** Opening ENTRIES SUPPLIED block **
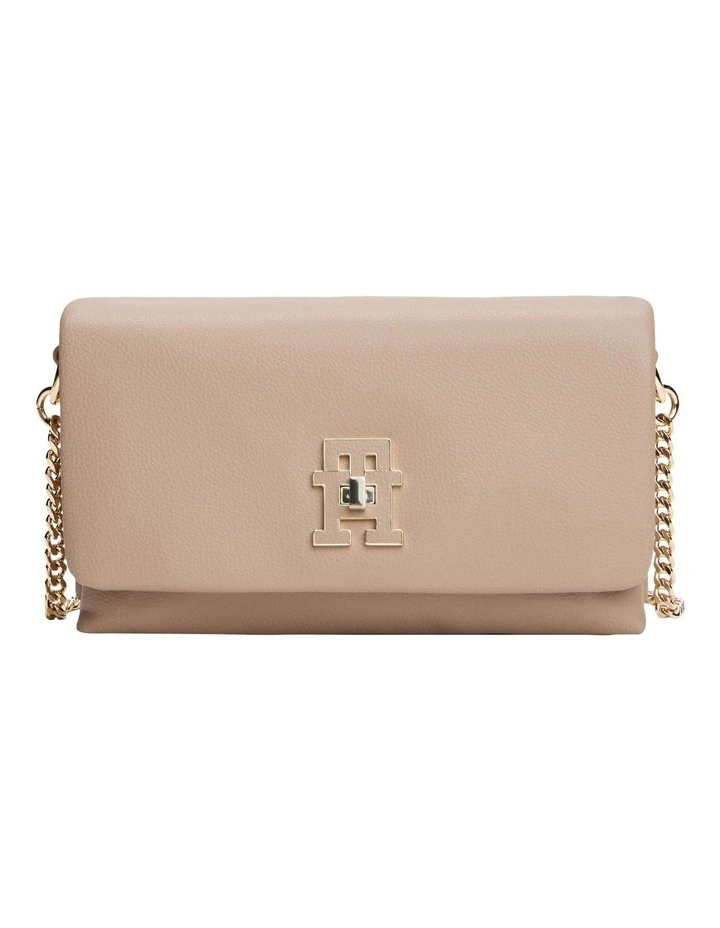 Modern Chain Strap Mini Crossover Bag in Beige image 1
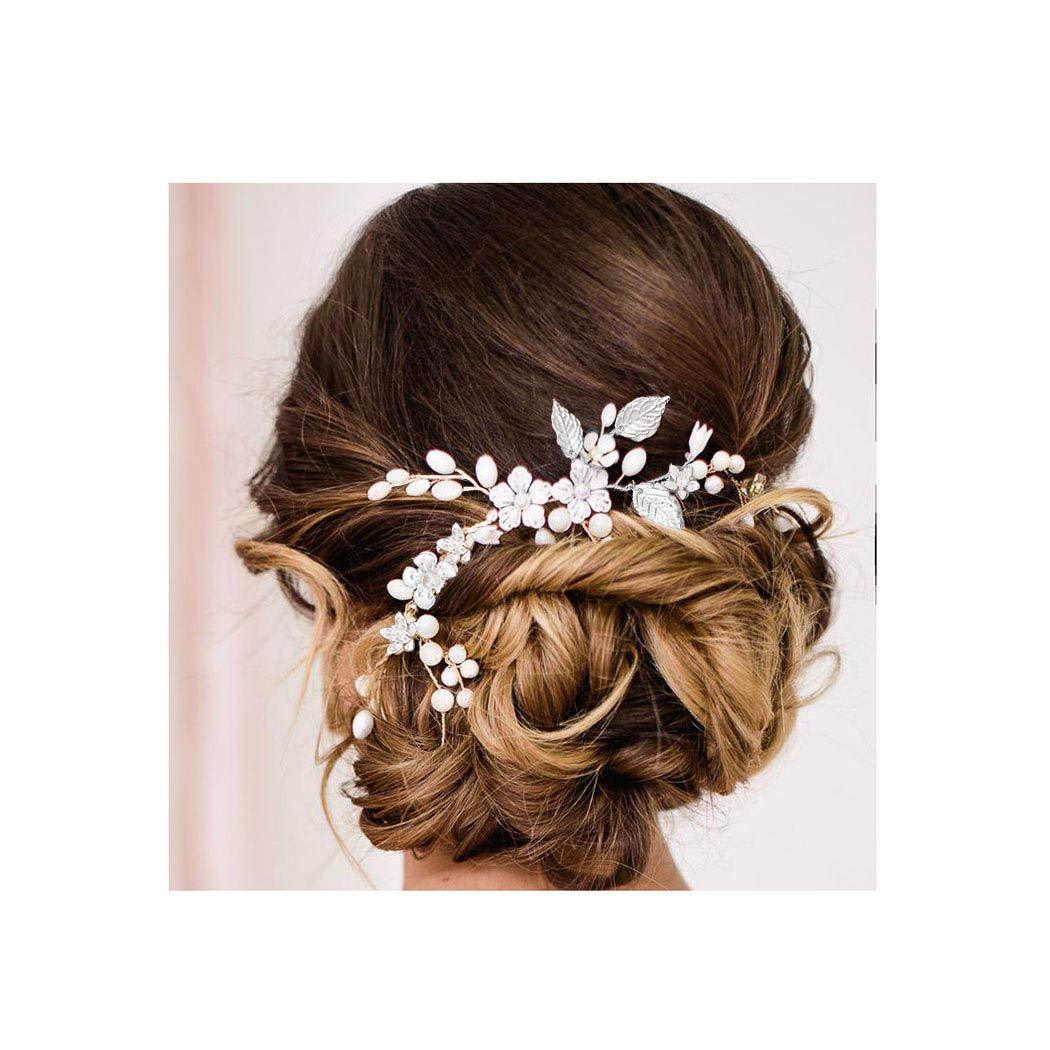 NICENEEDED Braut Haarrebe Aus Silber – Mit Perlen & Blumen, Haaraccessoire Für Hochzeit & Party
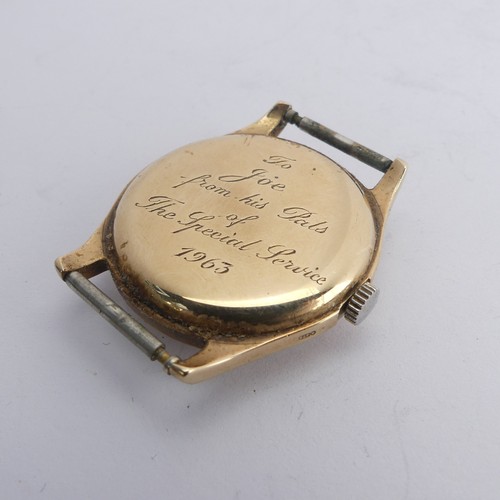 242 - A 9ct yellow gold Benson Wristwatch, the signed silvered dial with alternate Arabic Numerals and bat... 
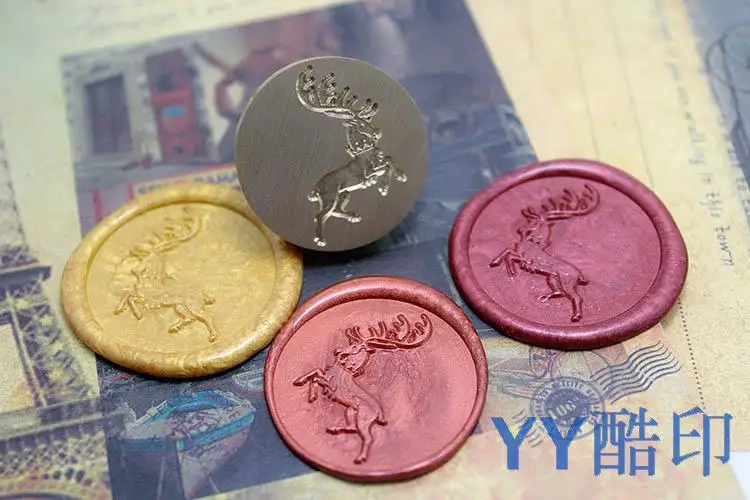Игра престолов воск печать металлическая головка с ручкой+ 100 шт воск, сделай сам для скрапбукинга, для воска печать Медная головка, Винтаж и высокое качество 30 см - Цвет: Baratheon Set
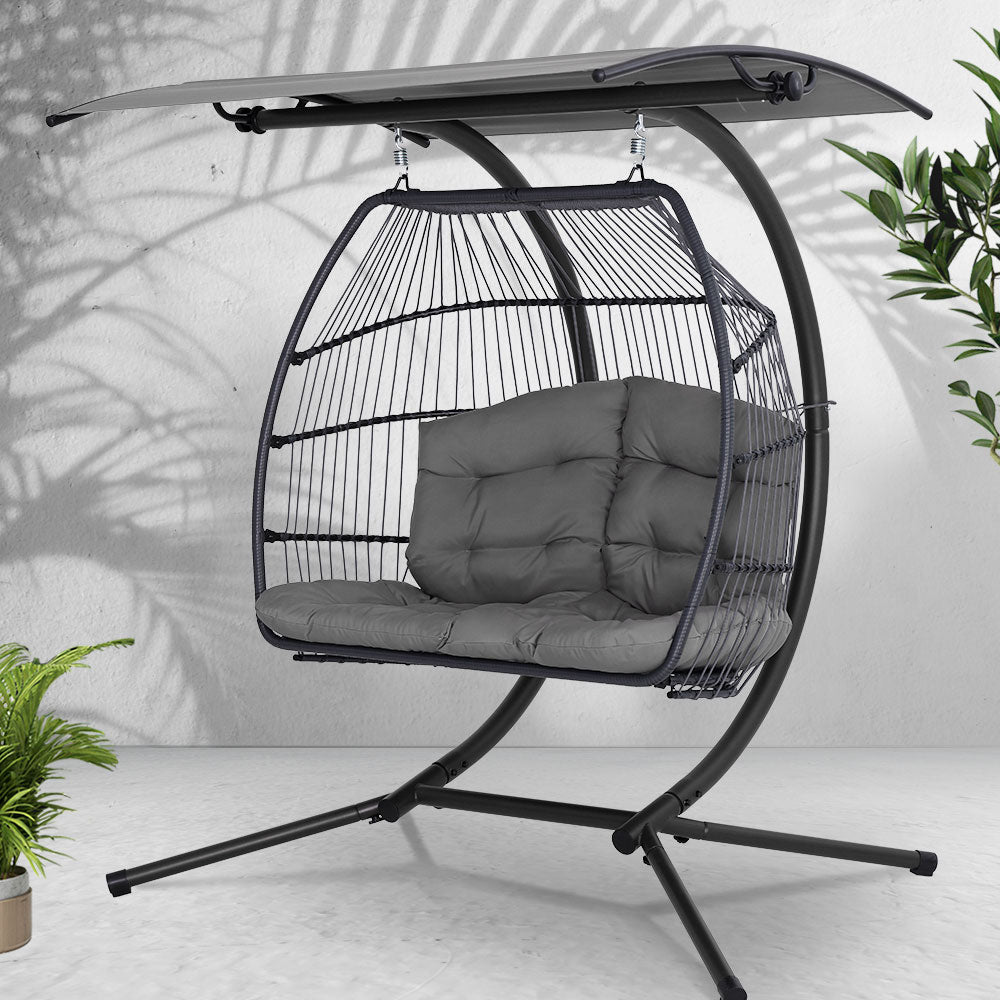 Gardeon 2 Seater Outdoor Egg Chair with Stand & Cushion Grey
** Closing ENTRIES SUPPLIED block **
All of the material is to be reproduced verbatim, pictures excluded.

 Modern Chain Strap Mini Crossover Bag in Beige image 1
 NICENEEDED Braut Haarrebe Aus Silber – Mit Perlen & Blumen, Haaraccessoire Für Hochzeit & Party
 242 - A 9ct yellow gold Benson Wristwatch, the signed silvered dial with alternate Arabic Numerals and bat... 
Игра престолов воск печать металлическая головка с ручкой+ 100 шт воск, сделай сам для скрапбукинга, для воска печать Медная головка, Винтаж и высокое качество 30 см - Цвет: Baratheon Set
 Gardeon 2 Seater Outdoor Egg Chair with Stand & Cushion Grey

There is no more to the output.